L’année de seconde passa très vite et je me retrouvai en classe de première avec les mêmes professeures (comme on dit aujourd’hui). La matière principale était bien évidemment le Français car le « bac Français » nous attendait au mois de Juin. Notre prof de Français nous dicta toute une liste de livres à acheter et à lire. Cela sonnait presque comme une formule magique ou une recette de cuisine avec un tas de noms que nous ne connaissions pas au point que nous confondions les auteurs et les personnages de romans. On ne savait plus qui étaient Gaudot qu’il fallait attendre, pas plus que Bouvard et Pécuchet. Quand on a demandé qui étaient ces deux auteurs, notre prof nous a répondu « Mais voyons, il s’agit du roman inachevé de l’auteur de Madame Bovary ». Personne n’a osé demandé ce qu’avait écrit cette madame Bovary. On débarquait tous dans un autre univers hyper littéraire. Je me souviens que nous pouvions rester deux heures (durée d’un cours de Français) à tourner dans tous les sens un paragraphe des Mémoires d’Outre-Tombe de Chateaubriand ; je sentais qu’à ce rythme on n’aurait pas le temps de boucler le programme avant le bac. De fait, pour le dernier cours, cette prof nous a dit : « Je n’ai pas eu le temps de vous parler de Blaise Pascal, mais comme vous avez peu de chance de tomber sur lui au bac, si vous préférez, vous pouvez aller jouer dans la cour. Je me suis retrouvé presque seul avec cette prof qui était étonnée que j’aie déjà lu Les pensées et Les Provinciales de Pascal. C’était déjà mon auteur préféré et j’avais dans mon cartable ses pensées dans un livre relié à couverture de cuir. Mon bréviaire en quelque sorte. Des pensées qui, étant brèves, faisaient mouche à tous les coups, mais se prêtaient mal aux digressions dithyrambiques de cette professeure intarissable. Finalement, la seconde heure, c’est elle qui est descendu fumer sur la cour…

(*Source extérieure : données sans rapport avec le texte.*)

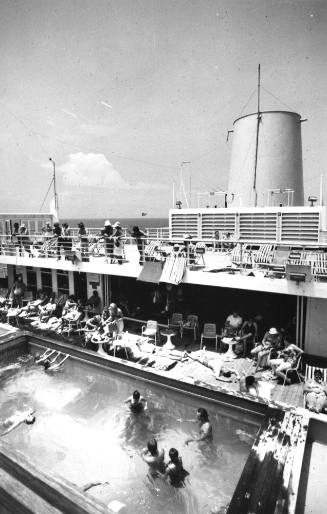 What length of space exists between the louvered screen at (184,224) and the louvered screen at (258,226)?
2.10m

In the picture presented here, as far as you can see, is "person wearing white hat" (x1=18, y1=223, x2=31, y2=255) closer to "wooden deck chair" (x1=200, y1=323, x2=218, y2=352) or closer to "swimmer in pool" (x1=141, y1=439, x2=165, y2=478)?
"wooden deck chair" (x1=200, y1=323, x2=218, y2=352)

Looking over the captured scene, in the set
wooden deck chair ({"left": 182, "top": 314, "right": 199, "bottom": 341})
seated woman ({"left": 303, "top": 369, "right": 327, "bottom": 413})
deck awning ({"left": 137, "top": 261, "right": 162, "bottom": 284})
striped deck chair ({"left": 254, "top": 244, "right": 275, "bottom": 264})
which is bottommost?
seated woman ({"left": 303, "top": 369, "right": 327, "bottom": 413})

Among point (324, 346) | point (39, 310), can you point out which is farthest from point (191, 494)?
point (39, 310)

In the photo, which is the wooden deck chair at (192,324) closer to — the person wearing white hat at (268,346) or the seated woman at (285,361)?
the person wearing white hat at (268,346)

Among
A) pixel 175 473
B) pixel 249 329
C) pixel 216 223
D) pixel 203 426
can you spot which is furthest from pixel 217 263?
pixel 175 473

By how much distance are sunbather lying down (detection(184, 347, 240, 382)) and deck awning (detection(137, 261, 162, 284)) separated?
272 cm

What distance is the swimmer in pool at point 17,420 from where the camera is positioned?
8145 mm

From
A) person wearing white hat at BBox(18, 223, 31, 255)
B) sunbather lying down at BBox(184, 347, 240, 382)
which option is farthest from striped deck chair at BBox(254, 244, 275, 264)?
person wearing white hat at BBox(18, 223, 31, 255)

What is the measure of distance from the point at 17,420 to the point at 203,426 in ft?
15.8

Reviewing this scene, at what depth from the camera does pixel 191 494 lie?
6.10 meters

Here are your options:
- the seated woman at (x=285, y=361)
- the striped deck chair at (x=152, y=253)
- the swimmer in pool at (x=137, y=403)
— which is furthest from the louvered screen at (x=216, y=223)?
the swimmer in pool at (x=137, y=403)

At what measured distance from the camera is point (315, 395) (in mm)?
7000

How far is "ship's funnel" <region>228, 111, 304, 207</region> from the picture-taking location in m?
16.1

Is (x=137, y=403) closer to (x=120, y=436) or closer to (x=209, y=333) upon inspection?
(x=120, y=436)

Grand suspens pour moi à l’oral le jour du « bac Français », après un écrit réussi les doigts dans le nez.

On me demanda de tirer un texte d’une corbeille et aussitôt je lus sur le papier choisi au hasard : La grive de Montboissier.

Sur le coup j’ai frôlé l’arrêt cardiaque car ce texte m’était totalement inconnu. En regardant en bas du paragraphe, je vis l’indication : Mémoires d’Outres Tombe de Chateaubriand.

L’auteur y parlait de Combourg et de Gabrielle. Je ne connaissais ni l’un ni l’autre, aussi ai-je ressorti de ma mémoire ce que ma professeure avait déblatéré sur un autre paragraphe de ce livre, paroles mixées à mes souvenirs sur la vie de l’auteur. J’obtins une note qui me valut de décrocher mon « bac Français ». Mon avenir devint alors de décrocher pareillement le reste de mon bac en Terminale, après des vacances bien méritées, cela va de soi.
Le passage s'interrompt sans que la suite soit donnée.